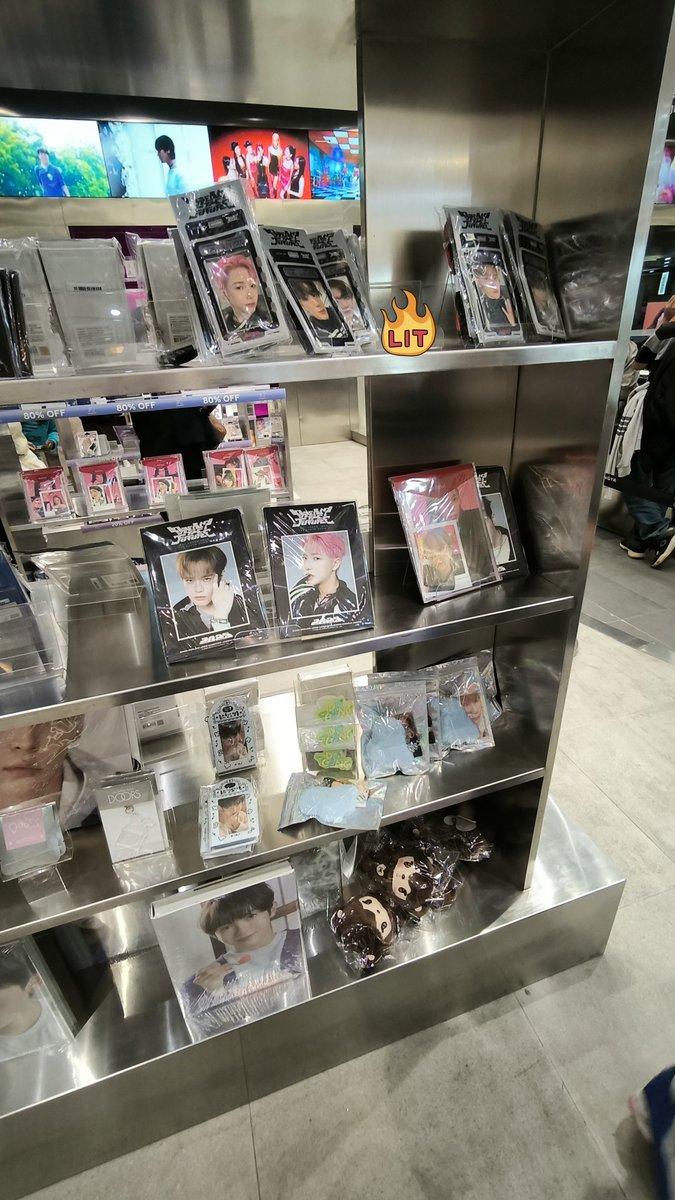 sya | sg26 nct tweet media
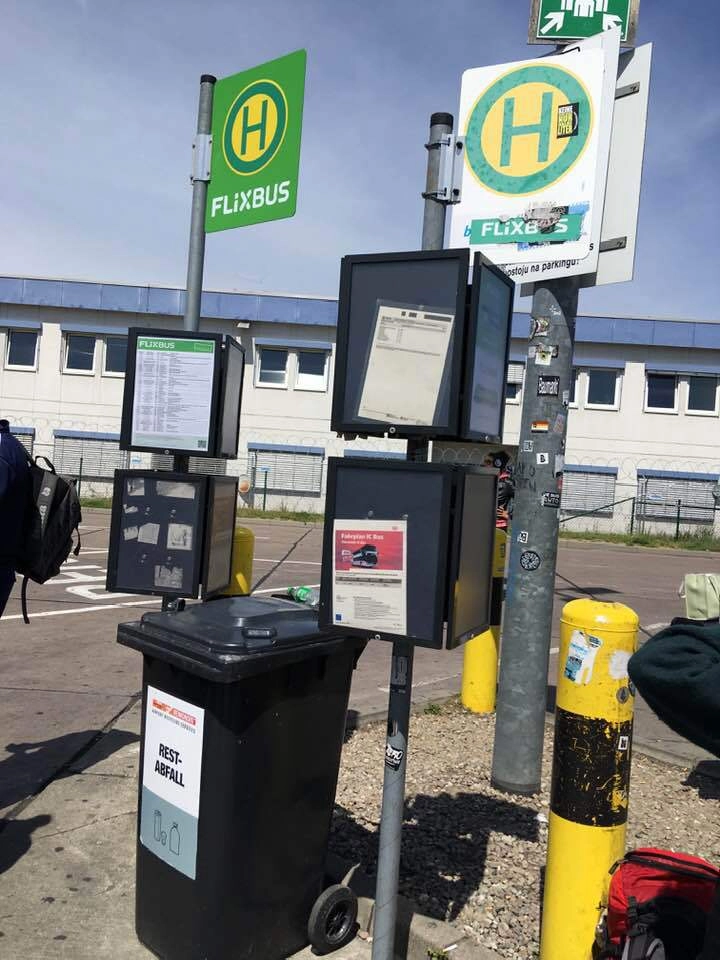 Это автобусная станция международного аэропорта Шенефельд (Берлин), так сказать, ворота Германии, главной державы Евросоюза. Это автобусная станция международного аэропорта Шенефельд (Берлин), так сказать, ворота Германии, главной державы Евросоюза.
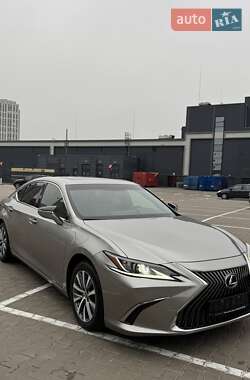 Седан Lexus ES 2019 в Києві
• • •
» WORK REQUIRED: Your task is to output the material word for word while leaving out every image.

» RESULT FOR THIS TASK:
 sya | sg26 nct tweet media
 Это автобусная станция международного аэропорта Шенефельд (Берлин), так сказать, ворота Германии, главной державы Евросоюза. Это автобусная станция международного аэропорта Шенефельд (Берлин), так сказать, ворота Германии, главной державы Евросоюза.
 Седан Lexus ES 2019 в Києві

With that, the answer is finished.